Nova Scotia community services minister Joanne Bernard is joining female politicians speaking out against verbal abuse. And the province is taking it one step further by tabling new anti-cyberbullying legislation next year.
Female politicians across the country are standing in unison against a kind of bullying that attacks the core of who they are.
When Bernard first entered politics three years ago she was shocked to receive death threats, homophobic slurs and body shaming comments. Now, nothing surprises her.
“You get to a point where it becomes part of your norm,” she said Monday.
It may have lost its shock value, but that doesn’t mean she deserves to see these comments regularly. That’s why she, along with other prominent female politicians, are opening up about their own struggles with bullying.
Sandra Jensen, MLA for Calgary-North West, got the conversation started when she stood in the legislature last month to read some of the cyber abuse she has been subjected to.

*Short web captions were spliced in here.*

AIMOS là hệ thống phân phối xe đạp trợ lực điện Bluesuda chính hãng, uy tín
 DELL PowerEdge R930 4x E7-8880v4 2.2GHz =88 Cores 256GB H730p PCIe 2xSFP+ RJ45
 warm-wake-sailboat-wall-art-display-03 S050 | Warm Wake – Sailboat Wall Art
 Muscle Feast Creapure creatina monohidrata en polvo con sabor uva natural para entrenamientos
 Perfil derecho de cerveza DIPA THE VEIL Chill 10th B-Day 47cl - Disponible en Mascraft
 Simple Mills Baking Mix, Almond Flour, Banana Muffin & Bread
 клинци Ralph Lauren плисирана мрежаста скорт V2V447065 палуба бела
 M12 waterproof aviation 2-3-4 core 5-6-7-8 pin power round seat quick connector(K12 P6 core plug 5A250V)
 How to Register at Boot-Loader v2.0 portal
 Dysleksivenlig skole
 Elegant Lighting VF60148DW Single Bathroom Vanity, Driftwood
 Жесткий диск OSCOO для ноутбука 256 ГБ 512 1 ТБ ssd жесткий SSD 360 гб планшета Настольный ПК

Alberta Premier Rachel Notley opened up about being threatened and harassed online since taking office in May 2015.
And just last week, Newfoundland and Labrador finance minister Cathy Bennett said she has faced body shaming, death threats and even suggestions that she kill herself.
“I think when we speak, we are authentic in our experiences and very supportive of each other,” said Bernard.
She isn’t the only Nova Scotia MLA sharing her experiences of abuse. Karla MacFarlane, Tory MLA for Pictou West, and Lenore Zann, NDP MLA for Truro-Bible Hill-Millbrook-Salmon River, have also taken a stand.
“For women in this province the political becomes very personal, very quickly,” said Bernard, also the minister for the Advisory Council on the Status of Women.
“And for some reason, female politicians are subject to more comments about their appearance . . . it just seems to be more apparent, and certainly more vicious, when it comes to female politicians.”
She said mysogyny is prevalent and female politicians are viewed as stealing a role that once belonged to white males. For example in the 2016 U.S. election, presidential candidate Hillary Clinton was subjected to insults from voters and politicians, the most talked-about coming from opponent Donald Trump, who called her “such a nasty woman” in a debate. Women around the world have taken those words, meant as an insult, and turned them into a rallying cry for equal rights.
And insults like these aren’t necessarily hurled because a woman makes a policy decision that residents don’t like. About a month ago, Bernard said, she was at a new restaurant in Dartmouth North, where she was invited to promote the business. Her promotion was instantly followed by a litany of fat-shaming comments on Twitter.
“That’s not a policy decision. That’s celebrating the success of a new business in my riding. That’s how personal it gets,” she said.
These comments are not just reserved for politicians.
“Women in any leadership role often find themselves subjected to ridicule and insults and demeaning comments about their abilities linked to their gender,” she said.
The most popular way to hurl these comments is from behind a computer screen.
A new report from Statistics Canada, published Monday, says almost one in five young Canadians have been a victim of cyberbullying or cyberstalking. That equals about 1.1 million people ranging from 15-29 years old.
Nova Scotia’s anti-cyberbullying law was ruled unconstitutional and struck down earlier this year. But it’s now being redeveloped by justice minister Diana Whalen.
Bernard said that new legislation will be tabled in the new year. But in the meantime, she hopes that more women start speaking out about their experiences.